Le jour de leur départ, on remplit un bon de livraison qui récapitule toute la carrière du poisson dans l’élevage. À l’usine de transformation, cette traçabilité sera accessible si besoin.

Toute cette traçabilité est contrôlée par Bureau Véritas car nous sommes référencés « Charte Aquaculture de nos régions » cahier des charges de l’interprofession CIPA

Un mot sur notre coopérative : Les Aquaculteurs Bretons. Nous sommes une quinzaine d’adhérents coopérateurs et nous produisons 5000T sur les 40000 produites sur toute la France. Nous mutualisons une grande partie de nos activités (alevinage, aliments, transformation, commercialisation…), mais nous restons bien propriétaires de nos piscicultures.

La coopérative compte une quarantaine de salariés. Les produits sont commercialisés sous la marque Bretagne Truite et William&James . Nous nous sommes adaptés à la demande des consommateurs. En ce moment, il ne veut pas d’arêtes. Nous commercialisons donc beaucoup de pavés et surtout des très grandes truites pour faire de la truite fumées (+50%)

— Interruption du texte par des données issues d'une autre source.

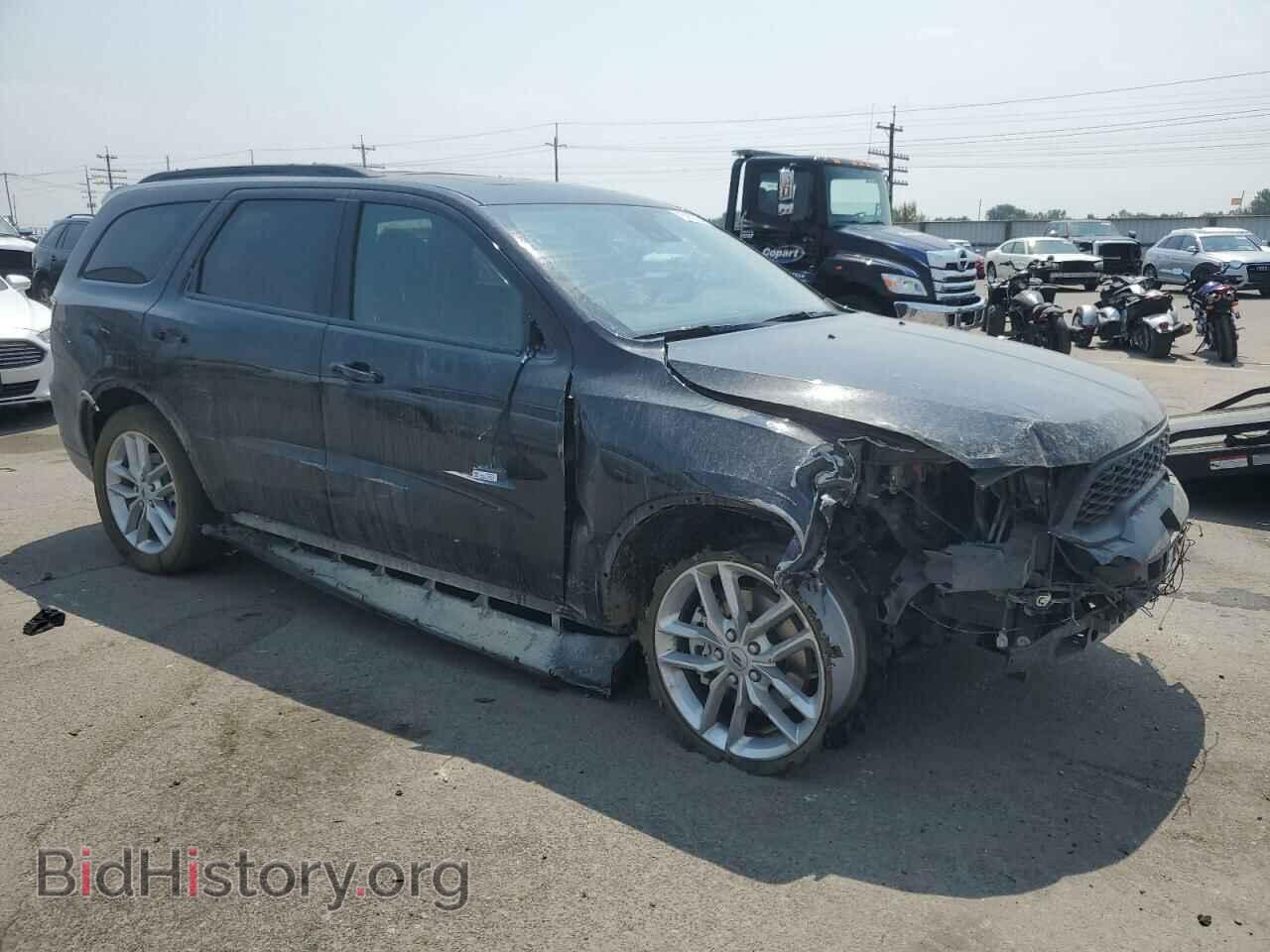 2024 DODGE DURANGO - VIN: 1C4RDJDG9RC138043 - Photo 4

Nous avons beaucoup travaillé sur la qualité de nos produits. L’année dernière, nous avons été récompensés d’une médaille d’or au Concours Général Agricole pour notre truite fumée de Bretagne. C’est un gage de qualité ! Nous sommes fiers de voir que notre travail est reconnu et que la demande est forte sur nos produits.

J’ai déjà ouvert les portes de l’élevage au grand public. Les gens qui sont venus sur la pisciculture se posaient beaucoup de questions. C’est un métier qui n’est pas très connu et ça a été l’occasion d’enlever beaucoup de préjugés. C’est un métier passionnant qui demande beaucoup de rigueur.

On a été fier de présenter notre métier et je le referai à la prochaine occasion.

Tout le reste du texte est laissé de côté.